Checks/OPT_BALANCE_006

NATS Account Connection Concentration: What It Means and How to Fix It

Severity
Info
Category
Saturation
Applies to
Balance
Check ID
OPT_BALANCE_006
Detection threshold
> 70% of account connections on one server (minimum 3 servers, minimum 10 connections)

Account connection concentration means more than 70% of a single account’s client connections are on one server in a cluster with at least 3 servers and at least 10 connections. This creates a single point of failure for that account — if the server goes down, the account loses the vast majority of its connectivity in one event rather than a proportional fraction.

Why this matters

NATS clusters are designed so that losing any single server degrades capacity proportionally. If you have 3 servers and lose one, you lose roughly one-third of your connection capacity. But when 70%+ of an account’s connections are on one server, that account experiences a near-total outage when that specific server goes down — even though the cluster as a whole lost only one-third of its capacity. The account’s services disconnect en masse, triggering a reconnection storm as clients scramble to establish connections on the surviving servers.

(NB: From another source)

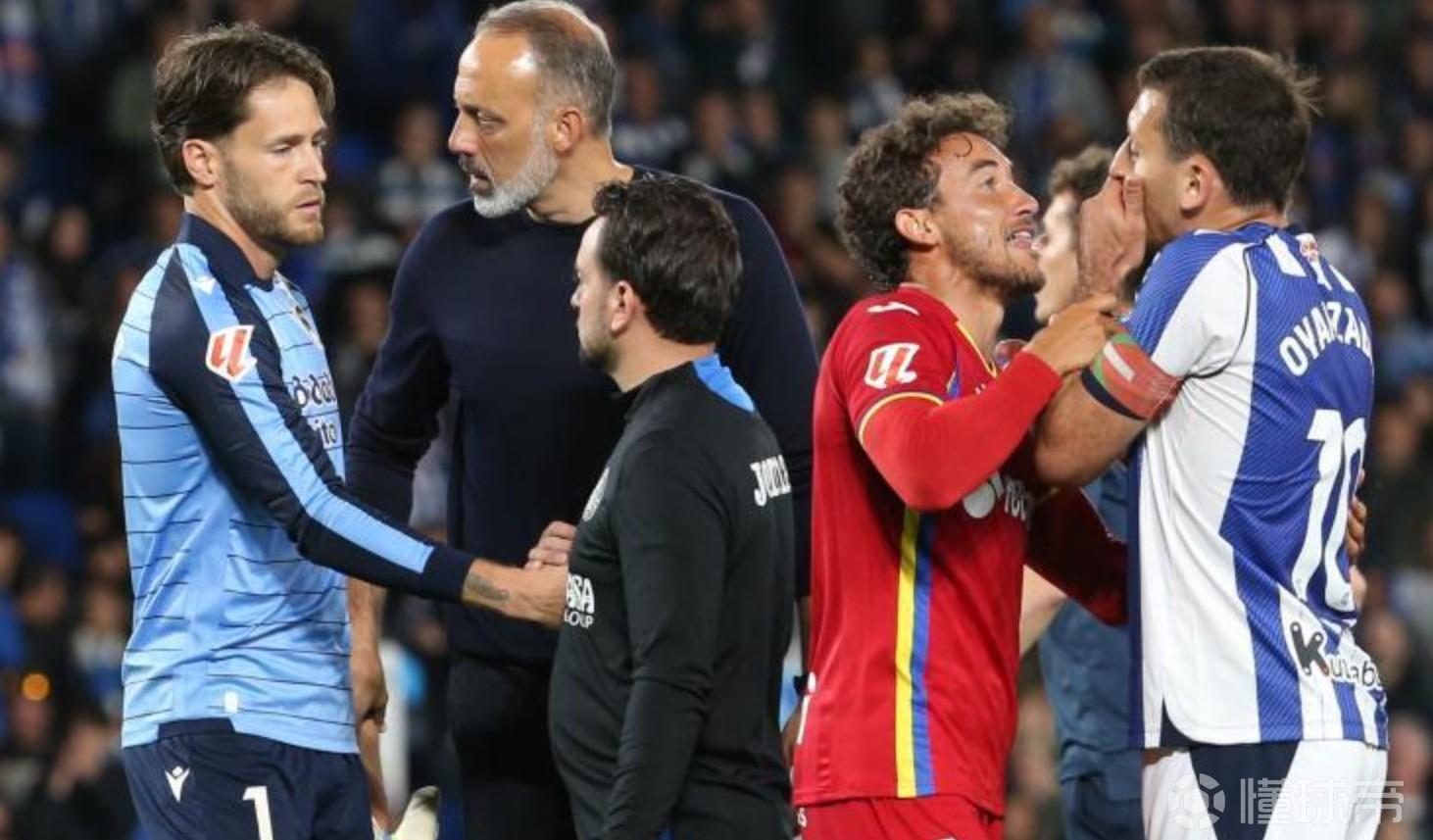 被伊格莱西亚斯指责侮辱其妻子，奥亚萨瓦尔前往赫塔费更衣室讨要说法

The reconnection storm itself is the second problem. When hundreds of clients from the same account reconnect simultaneously, they re-subscribe to all their subjects, re-authenticate, and potentially trigger JetStream consumer redeliveries. The surviving servers absorb this spike on top of their existing load. If the account’s workload is substantial, this burst can temporarily overload the remaining servers, causing slow consumer events or connection rejections that affect other accounts sharing the cluster.

Multi-tenant clusters amplify the risk. If one account’s connection concentration is unknown to the operations team, capacity planning assumes even distribution. Load tests pass because they model balanced connections. Then a single server failure takes out a major tenant, and the blast radius surprises everyone.

Common causes

  • Hardcoded server address in application configuration. The application connects to a single server URL (e.g., nats://nats-1:4222) rather than listing all cluster members. Every instance of that application connects to the same server.

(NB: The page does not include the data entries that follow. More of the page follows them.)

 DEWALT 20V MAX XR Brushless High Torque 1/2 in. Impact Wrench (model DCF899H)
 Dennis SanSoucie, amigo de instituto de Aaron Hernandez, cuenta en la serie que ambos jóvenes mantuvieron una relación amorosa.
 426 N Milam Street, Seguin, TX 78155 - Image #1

  • DNS resolution returning a single address. The NATS connection URL uses a hostname that resolves to one IP. Even if multiple servers exist behind different IPs, the DNS record only returns one, funneling all connections to it.

  • Infrastructure affinity. The account’s services run in the same availability zone, Kubernetes node, or network segment as one NATS server. Network proximity or routing rules cause all connections to prefer the closest server.

  • Sticky load balancer sessions. A load balancer in front of the NATS cluster uses session persistence (sticky sessions), routing all connections from the same source IP or client to the same backend server.

  • Small account with few services. An account with only 10-15 connections from a handful of services naturally concentrates if those services happen to connect to the same server. The concentration is real but may be acceptable at this scale.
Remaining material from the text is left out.